Among the latest oddities and outrages in the Israeli media (including social and news media) are these:
An Israeli Facebook user, Nati Mor, posted this “panegyric” to the Palestinian people (translation by Ronnie Barkan, who found this gem). Though it’s one of the most extreme statements I’ve read in some time, it’s important because it represents the views of so many more Israelis, including many who would never be so bold as to express themselves like this publicly:
I have sought the original post in his Facebook page but cannot find it. Likely, either his friends warned him to remove it or, as is often the case, the Israeli military censor monitors such social media sites and contacts users to remove such incendiary posts.
Second oddity is a new children’s book about two street kittens rescued in Gaza by IDF soldiers during Operation Protective Edge (Tsuk Eytan in Hebrew). The book offers a severely truncated version of events leading to the war and focuses solely on the hardship and suffering it inflicted on Israelis. In fact, in the book Palestinians don’t exist, which seems fitting for contemporary views of them in Israel. The cats had no previous owners. They just came to the Israelis naturally as if they’d always known them and owned them. The names of the kittens? Tsuk and Eytan, of course.
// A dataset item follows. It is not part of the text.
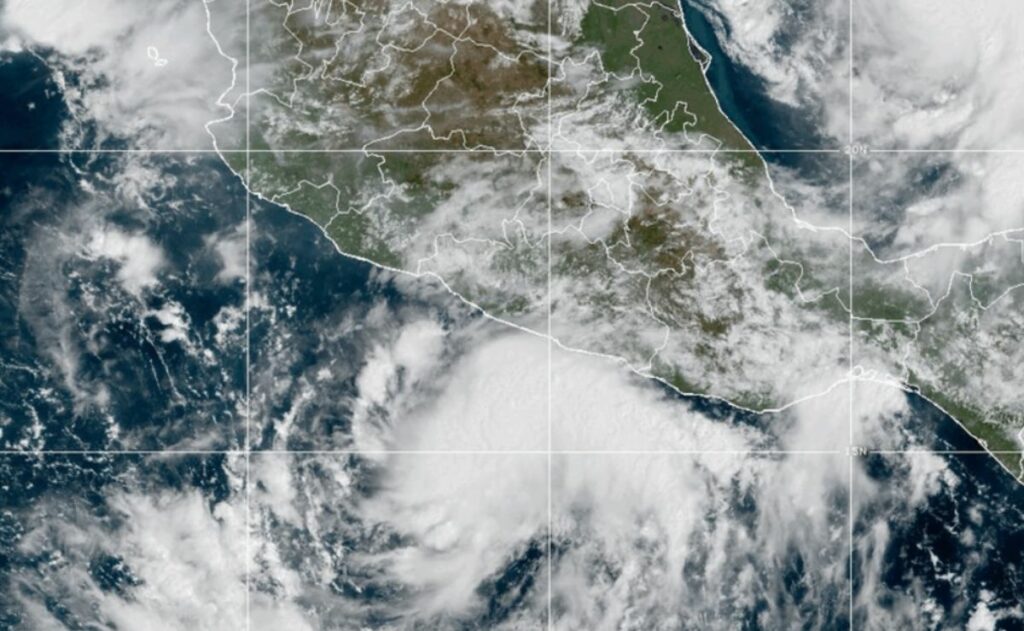 Surge la depresión tropical Veinte-E en el Pacífico; evolucionaría en el huracán ‘Simón’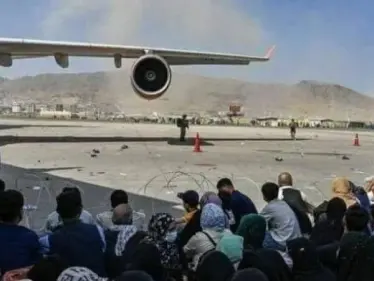 داعش يتبنى تفجيرات كابل وطالبان تصدر بياناً - وكالة ستيب نيوز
The ending is a beautiful, warm dream with the kittens sitting in the soldier’s bedroom enjoying their safe, secure new home.
Israeli media, as I’ve written here, doesn’t consider its mission solely to report and analyze the news. Unlike all other western media, it also considers itself the cheerleader for the nation. It sees its role as holding the banner of national pride high for readers and the world to see. As an example, Yediot recently devoted an entire week to headline articles attacking BDS.
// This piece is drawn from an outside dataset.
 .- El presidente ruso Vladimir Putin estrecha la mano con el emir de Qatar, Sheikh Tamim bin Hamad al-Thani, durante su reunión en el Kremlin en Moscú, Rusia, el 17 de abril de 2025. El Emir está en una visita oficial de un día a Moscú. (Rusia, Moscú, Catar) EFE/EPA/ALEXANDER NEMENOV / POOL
Now, Ronen Bergman, one of Israel’s best investigative journalists, profiled Dutch BDS activist, Frank van der Lind in Yediot. The article is quite interesting. But Ronnie Barkan brought to my attention the yellow box right next to the picture of van der Lind announcing future Yediot articles attacking BDS. It intrudes on the otherwise serious profile of the Dutch activist (Bergman had nothing to do with it or its placement), saying:
The baseless rumors about murders of children. Lies about apartheid. Inventions about ethnic cleansing. And the factual responses to all of these. How to beat BDS incitement against Israel.
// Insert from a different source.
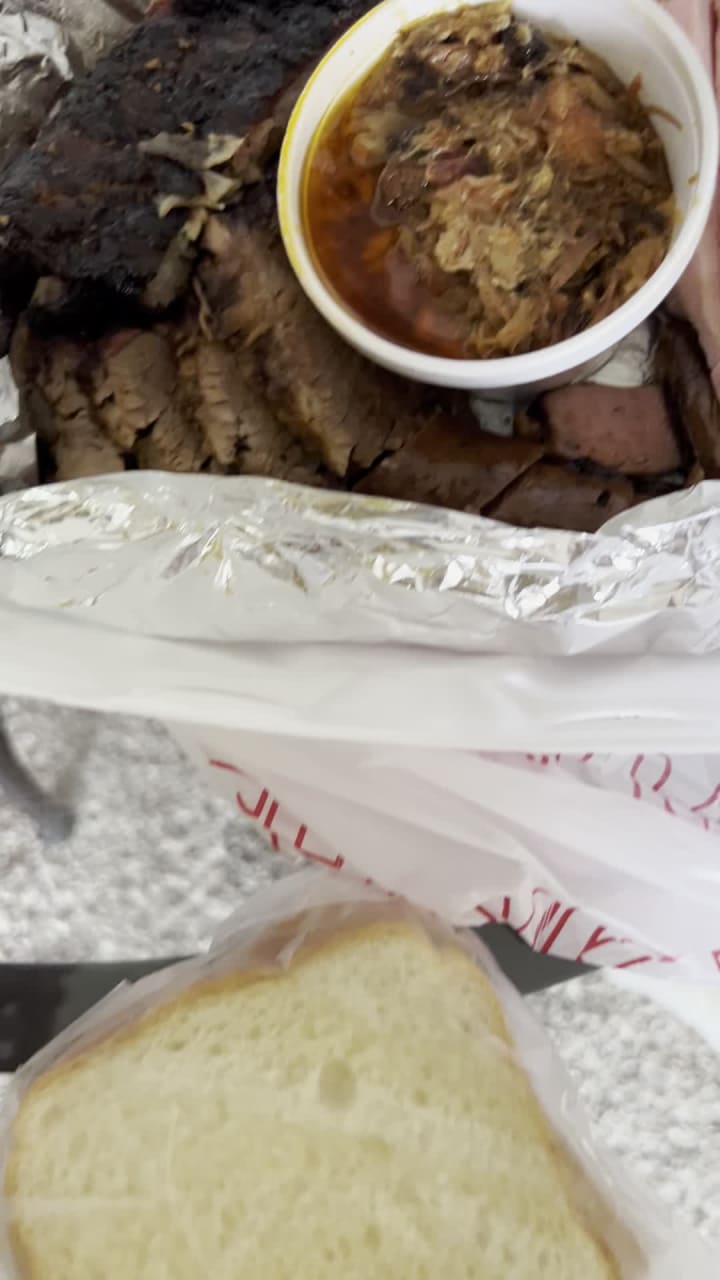 Video review of Blanco BBQ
The best analogy I could think of was a high school principal who, fearing its students would all fail their matriculation exam, prepared a cheat sheet offering the answers to the test. Israeli media are so frightened of BDS that they have to offer a primer for rebutting the arguments it offers. They fear that if Israelis don’t prepare for this onslaught of propaganda that the very state itself might topple.